_GOAL OF THE EXERCISE_.
Write out the lines from the top of the material through the line with "for Adults 1000", exactly and with nothing added.

■ ■ ■

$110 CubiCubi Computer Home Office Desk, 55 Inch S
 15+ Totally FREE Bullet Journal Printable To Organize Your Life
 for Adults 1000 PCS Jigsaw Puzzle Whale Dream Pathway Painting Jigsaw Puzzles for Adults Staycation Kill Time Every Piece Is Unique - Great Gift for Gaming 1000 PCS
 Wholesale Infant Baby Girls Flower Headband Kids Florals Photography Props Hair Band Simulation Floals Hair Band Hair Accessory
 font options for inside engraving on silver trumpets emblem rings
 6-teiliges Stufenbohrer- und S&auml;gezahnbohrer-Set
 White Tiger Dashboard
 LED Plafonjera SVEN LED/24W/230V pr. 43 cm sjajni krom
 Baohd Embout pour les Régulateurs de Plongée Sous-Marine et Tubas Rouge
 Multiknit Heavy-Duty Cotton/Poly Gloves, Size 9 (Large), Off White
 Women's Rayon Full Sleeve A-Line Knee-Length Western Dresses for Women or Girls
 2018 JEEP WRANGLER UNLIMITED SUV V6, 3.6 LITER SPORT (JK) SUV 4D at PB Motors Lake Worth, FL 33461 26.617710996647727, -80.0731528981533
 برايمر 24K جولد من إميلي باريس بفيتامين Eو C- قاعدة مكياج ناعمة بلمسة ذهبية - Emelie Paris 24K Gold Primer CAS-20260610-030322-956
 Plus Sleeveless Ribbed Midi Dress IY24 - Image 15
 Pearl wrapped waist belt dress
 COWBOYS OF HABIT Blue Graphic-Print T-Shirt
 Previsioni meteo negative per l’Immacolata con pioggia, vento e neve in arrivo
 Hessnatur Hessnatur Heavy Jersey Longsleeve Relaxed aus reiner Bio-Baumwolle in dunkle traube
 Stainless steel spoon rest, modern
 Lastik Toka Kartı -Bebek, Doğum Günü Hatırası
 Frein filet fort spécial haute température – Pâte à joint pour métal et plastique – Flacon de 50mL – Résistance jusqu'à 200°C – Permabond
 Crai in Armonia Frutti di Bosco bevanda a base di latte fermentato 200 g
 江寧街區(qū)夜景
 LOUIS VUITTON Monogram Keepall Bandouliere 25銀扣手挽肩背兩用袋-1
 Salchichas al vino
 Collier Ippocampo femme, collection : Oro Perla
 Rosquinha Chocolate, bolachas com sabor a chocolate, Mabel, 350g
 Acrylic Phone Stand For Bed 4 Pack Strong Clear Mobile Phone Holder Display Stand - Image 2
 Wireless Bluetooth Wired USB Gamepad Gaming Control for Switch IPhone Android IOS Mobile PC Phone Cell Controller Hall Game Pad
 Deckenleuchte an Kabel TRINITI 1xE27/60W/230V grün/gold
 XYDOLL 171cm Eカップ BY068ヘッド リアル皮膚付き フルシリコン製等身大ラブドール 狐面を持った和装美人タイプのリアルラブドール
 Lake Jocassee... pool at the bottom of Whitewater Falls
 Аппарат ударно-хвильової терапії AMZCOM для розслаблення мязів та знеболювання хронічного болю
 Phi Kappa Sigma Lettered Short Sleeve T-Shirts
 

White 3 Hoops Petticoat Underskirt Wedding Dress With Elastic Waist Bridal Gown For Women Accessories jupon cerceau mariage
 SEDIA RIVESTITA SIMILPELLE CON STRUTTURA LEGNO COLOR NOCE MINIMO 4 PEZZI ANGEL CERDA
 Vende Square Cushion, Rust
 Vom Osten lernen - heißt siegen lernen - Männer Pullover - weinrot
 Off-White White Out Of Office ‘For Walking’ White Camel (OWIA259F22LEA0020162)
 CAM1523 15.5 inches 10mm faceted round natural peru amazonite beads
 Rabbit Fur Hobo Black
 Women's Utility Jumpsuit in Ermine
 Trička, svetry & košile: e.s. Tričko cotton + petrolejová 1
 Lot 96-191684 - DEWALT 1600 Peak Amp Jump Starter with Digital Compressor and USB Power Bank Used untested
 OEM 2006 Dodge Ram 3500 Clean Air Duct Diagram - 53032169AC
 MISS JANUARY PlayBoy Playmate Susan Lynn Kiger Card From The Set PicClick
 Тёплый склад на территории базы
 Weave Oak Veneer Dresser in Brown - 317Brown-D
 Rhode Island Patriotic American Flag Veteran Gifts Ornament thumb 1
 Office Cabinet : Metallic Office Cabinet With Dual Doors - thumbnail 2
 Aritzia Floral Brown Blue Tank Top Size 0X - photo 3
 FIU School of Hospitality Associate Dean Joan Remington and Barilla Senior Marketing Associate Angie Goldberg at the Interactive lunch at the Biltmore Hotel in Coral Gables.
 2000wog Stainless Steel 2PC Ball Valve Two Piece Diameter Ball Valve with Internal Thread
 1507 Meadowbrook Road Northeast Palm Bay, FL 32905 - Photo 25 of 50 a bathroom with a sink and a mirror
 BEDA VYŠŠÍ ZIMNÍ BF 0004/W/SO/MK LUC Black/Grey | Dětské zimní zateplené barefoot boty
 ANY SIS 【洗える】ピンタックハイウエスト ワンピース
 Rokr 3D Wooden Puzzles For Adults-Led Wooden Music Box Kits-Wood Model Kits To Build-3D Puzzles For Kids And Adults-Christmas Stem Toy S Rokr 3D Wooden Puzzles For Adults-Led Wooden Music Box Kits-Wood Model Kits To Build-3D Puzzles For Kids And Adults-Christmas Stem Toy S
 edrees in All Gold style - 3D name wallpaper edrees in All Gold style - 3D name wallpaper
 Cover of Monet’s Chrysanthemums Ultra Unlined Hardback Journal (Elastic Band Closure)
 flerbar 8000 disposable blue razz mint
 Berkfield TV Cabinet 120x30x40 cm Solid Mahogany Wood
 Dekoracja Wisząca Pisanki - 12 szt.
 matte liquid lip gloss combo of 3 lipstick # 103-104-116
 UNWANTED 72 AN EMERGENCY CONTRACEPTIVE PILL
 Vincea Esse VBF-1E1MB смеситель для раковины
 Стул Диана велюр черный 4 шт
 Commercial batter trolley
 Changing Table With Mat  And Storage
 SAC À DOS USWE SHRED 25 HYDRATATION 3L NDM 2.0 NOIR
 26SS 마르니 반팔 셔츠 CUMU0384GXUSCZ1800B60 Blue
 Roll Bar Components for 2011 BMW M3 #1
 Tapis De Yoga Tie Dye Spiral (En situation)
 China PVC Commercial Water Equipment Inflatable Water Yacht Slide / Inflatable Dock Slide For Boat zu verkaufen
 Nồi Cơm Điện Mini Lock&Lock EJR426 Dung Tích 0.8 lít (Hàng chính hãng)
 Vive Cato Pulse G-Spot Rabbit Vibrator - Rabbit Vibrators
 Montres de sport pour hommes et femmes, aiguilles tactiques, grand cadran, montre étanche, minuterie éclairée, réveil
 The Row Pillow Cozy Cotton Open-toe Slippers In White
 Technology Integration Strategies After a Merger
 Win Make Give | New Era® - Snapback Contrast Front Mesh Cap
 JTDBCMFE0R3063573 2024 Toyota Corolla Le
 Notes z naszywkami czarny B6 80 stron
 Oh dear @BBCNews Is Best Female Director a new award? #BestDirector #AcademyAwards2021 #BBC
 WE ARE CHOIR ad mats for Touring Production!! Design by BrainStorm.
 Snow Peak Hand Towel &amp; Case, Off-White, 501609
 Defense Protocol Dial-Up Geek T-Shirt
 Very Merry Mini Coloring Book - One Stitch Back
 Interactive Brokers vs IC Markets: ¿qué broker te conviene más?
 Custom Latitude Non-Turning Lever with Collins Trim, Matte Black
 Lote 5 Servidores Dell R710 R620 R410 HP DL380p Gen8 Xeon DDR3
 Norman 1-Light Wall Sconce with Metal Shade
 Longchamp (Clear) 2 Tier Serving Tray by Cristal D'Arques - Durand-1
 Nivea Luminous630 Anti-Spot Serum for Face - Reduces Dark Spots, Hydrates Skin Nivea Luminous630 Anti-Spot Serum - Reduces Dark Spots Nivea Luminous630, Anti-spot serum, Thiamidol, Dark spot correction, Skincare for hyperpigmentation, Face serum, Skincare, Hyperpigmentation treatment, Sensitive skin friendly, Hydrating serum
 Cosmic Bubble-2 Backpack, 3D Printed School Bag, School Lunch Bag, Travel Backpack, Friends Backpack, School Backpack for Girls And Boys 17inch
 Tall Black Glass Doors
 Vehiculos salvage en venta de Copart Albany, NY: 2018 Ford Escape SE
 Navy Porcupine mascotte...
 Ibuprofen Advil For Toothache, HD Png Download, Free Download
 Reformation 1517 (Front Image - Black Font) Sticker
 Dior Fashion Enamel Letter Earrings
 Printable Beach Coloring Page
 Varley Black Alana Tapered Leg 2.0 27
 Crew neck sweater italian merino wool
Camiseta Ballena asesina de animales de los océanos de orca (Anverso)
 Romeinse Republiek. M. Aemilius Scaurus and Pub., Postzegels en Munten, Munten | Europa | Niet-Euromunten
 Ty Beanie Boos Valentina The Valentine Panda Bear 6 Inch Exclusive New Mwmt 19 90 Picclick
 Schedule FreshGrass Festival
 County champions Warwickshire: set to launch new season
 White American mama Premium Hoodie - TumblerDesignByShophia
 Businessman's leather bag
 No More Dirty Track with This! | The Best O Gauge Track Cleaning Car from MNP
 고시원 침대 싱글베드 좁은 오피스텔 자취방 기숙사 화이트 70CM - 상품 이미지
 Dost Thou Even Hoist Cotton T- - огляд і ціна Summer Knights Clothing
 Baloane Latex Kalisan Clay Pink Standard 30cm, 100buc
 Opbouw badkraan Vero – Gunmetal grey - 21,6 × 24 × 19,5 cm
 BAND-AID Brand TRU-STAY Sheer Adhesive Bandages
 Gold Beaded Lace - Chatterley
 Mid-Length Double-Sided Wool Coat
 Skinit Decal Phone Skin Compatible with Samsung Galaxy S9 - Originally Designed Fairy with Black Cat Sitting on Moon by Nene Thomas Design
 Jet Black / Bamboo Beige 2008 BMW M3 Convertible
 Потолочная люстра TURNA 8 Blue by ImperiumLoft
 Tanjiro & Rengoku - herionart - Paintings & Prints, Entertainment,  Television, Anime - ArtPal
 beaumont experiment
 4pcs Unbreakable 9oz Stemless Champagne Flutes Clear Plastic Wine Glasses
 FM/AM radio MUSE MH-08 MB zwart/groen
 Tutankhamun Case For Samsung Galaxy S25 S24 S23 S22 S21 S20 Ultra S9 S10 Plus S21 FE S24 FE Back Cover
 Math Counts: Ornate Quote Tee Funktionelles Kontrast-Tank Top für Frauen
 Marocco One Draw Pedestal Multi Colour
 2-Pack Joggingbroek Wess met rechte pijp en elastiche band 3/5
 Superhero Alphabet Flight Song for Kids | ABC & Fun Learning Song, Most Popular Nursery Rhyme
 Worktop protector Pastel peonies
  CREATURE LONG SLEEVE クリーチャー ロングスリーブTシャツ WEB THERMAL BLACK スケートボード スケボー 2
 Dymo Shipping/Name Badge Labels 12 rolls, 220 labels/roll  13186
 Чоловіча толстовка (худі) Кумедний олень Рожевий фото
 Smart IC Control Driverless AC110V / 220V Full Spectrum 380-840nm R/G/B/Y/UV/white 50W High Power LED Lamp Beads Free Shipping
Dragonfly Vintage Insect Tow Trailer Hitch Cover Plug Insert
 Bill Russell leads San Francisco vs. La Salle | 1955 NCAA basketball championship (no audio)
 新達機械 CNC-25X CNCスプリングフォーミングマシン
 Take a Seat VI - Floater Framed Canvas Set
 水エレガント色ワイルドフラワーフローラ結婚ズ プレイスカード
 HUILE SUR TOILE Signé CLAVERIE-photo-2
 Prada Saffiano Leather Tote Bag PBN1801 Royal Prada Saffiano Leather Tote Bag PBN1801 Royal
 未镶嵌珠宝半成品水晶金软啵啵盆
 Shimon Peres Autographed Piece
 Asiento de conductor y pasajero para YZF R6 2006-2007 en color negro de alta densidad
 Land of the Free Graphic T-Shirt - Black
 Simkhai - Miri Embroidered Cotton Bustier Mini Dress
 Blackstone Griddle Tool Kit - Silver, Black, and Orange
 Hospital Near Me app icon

■ ■ ■

_EXERCISE OUTPUT_.
$110 CubiCubi Computer Home Office Desk, 55 Inch S
 15+ Totally FREE Bullet Journal Printable To Organize Your Life
 for Adults 1000 PCS Jigsaw Puzzle Whale Dream Pathway Painting Jigsaw Puzzles for Adults Staycation Kill Time Every Piece Is Unique - Great Gift for Gaming 1000 PCS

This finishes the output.